By Hugo Ribeiro, Certified Accountant · Member of the Order of Certified Accountants · HVR Business Consulting

The Tax Regime for Investment Support (RFAI), enshrined in articles 22 to 26 of the Investment Tax Code (CFI), represents one of the most significant tax incentives in Portugal for companies that make investments in new productive assets. In 2026, this regime offers a significant deduction, allowing up to 30% of the eligible investment to be directly offset against the Corporate Income Tax (IRC) liability, with a limit of 15,000,000 euros in "a" regions, and with the possibility of deducting up to 50% of the assessed tax. This article details its characteristics, eligibility, calculation, and the obligations for companies.

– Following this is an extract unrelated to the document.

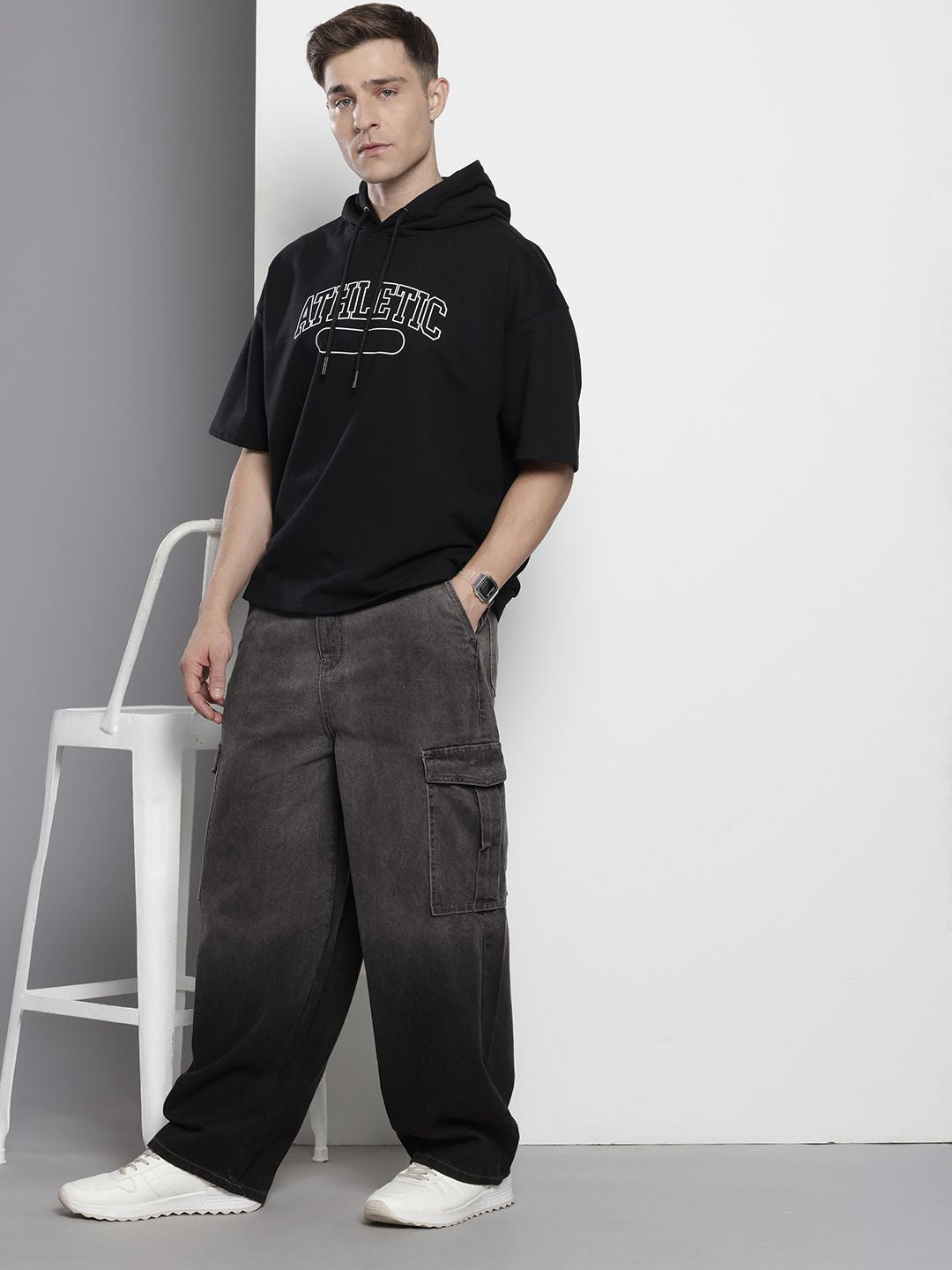 The Indian Garage Co Men Pure Cotton Skater Fit Cargo Style Jeans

1. The RFAI: A Pillar for Productive Investment in Portugal

1.1. Framework and Definition

The Tax Regime for Investment Support (RFAI) finds its legal framework in articles 22 to 26 of the Investment Tax Code (CFI), approved by Decree-Law no. 162/2014, of October 31. This regime constitutes an economic policy measure aimed at stimulating business investment, job creation, and regional development, through the granting of a tax benefit in the form of a tax credit against Corporate Income Tax (IRC).

In practice, the RFAI is a tax credit, meaning that a company making investments in relevant applications can deduct a percentage of that investment directly from its IRC liability for the financial year. This characteristic distinguishes it from other deductions that only affect the taxable base, giving it an immediate and more substantial financial impact on the company's tax bill. For a Small and Medium-sized Enterprise (SME) that is expanding its productive capacity — whether by acquiring new machinery, installing a new production line, or modernising productive equipment — the RFAI can often be the tax benefit with the greatest direct impact on its IRC settlement.

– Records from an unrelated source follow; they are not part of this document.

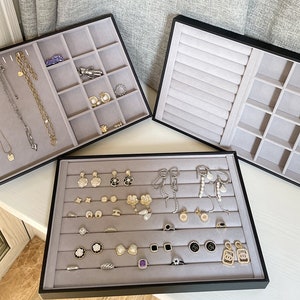 Grau Samt Ring Display, Ring Organizer Ständer, Ringhalter,Ring Tray, Schmuck Display Tray, Halskette Display Tray DS1870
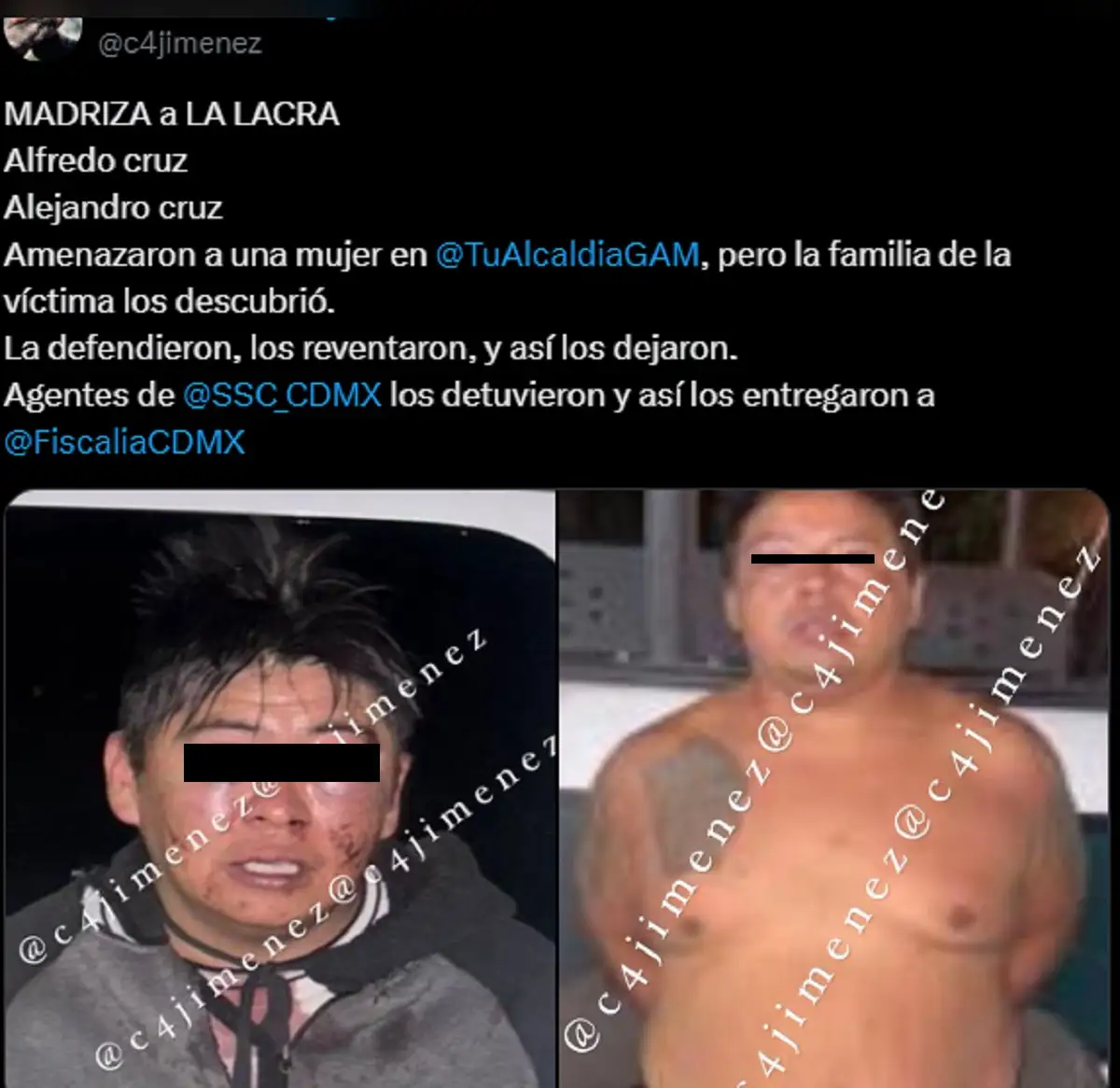 Vecinos dan brutal golpiza a dos agresores que amenazaron a una mujer en la GAM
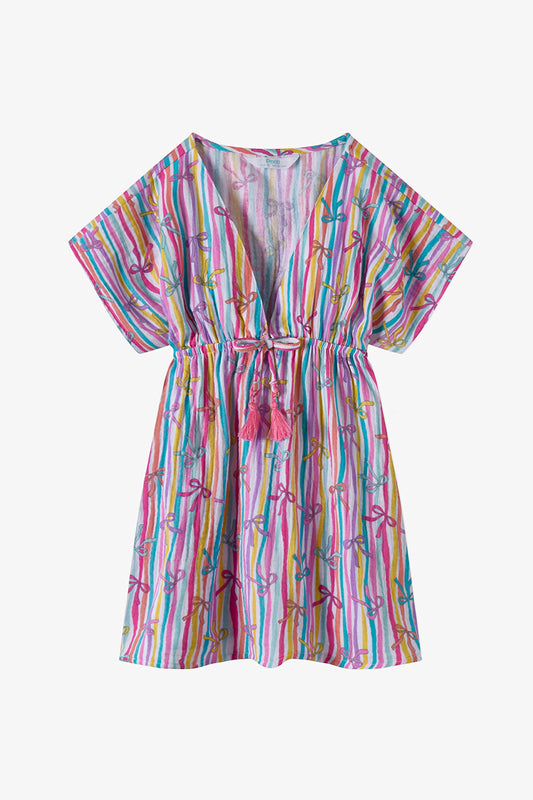 Renkli Kız Çocuk Ribbon Trim Kaftan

1.2. Objectives and Economic Relevance

The main objectives of the RFAI are:

  • Stimulate private investment: By reducing the tax cost of investment, the RFAI encourages companies to modernise and expand their operations.
  • Promote job creation: Eligibility for the regime is intrinsically linked to the creation and maintenance of jobs, contributing to a reduction in unemployment and an increase in national productive capacity.
  • Foster territorial cohesion: The differentiation of deduction rates according to the geographical location of the investment aims to promote economic development in less developed regions, contributing to the reduction of regional disparities.
  • Increase business competitiveness: The modernisation of assets and productive processes allows companies to improve their efficiency, quality, and innovation capacity, making them more competitive in national and international markets.

The economic relevance of the RFAI is undeniable, especially in contexts of economic recovery or the need for industrial restructuring. By facilitating access to capital for investment, the regime contributes to the sustainable growth of the Portuguese business fabric.

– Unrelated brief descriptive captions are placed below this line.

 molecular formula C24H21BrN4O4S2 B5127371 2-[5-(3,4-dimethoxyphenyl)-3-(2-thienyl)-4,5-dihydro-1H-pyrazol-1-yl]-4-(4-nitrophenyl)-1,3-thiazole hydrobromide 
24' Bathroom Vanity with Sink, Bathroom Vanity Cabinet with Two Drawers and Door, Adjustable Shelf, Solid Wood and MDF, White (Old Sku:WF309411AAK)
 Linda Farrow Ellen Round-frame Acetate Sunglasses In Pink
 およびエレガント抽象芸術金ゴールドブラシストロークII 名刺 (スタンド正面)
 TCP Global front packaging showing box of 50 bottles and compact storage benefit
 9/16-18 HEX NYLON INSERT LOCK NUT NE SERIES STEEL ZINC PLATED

2. Deduction Values and Limits in 2026

2.1. Deduction Rates by Region

The RFAI deduction rates were significantly altered by Law no. 12/2022, of June 27, which revised the tier thresholds and applicable percentages. For the year 2026, the applicable deduction percentages are as follows, varying according to the geographical location of the investment, in accordance with the regional aid map:

Regions Deduction
"a" Regions (North, Centre, Alentejo, Azores, Madeira) 30% of relevant applications up to €15,000,000 + 10% on the amount exceeding €15,000,000
"c" Regions (Algarve, Greater Lisbon, Setúbal Peninsula) 10%, no tier

This regional differentiation reflects the legislator's intention to encourage investment in economically disadvantaged or less dynamic regions, classified as "a". A company investing, for example, in the North or Centre region will benefit from a 30% deduction on its eligible investment, while the same company investing in Greater Lisbon would benefit from only 10%.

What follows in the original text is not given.